RECORD EXCERPTS:
************
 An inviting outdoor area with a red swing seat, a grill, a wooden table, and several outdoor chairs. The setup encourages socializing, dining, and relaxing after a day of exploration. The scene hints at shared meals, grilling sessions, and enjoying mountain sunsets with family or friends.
************
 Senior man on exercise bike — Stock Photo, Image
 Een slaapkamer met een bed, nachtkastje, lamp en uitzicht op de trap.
************
TASK BRIEF:
Using only the listing above, restate exactly the lines from the line containing "Senior man on" through the line containing "Een slaapkamer met", both included.

EXERCISE RESULT:
 Senior man on exercise bike — Stock Photo, Image
 Een slaapkamer met een bed, nachtkastje, lamp en uitzicht op de trap.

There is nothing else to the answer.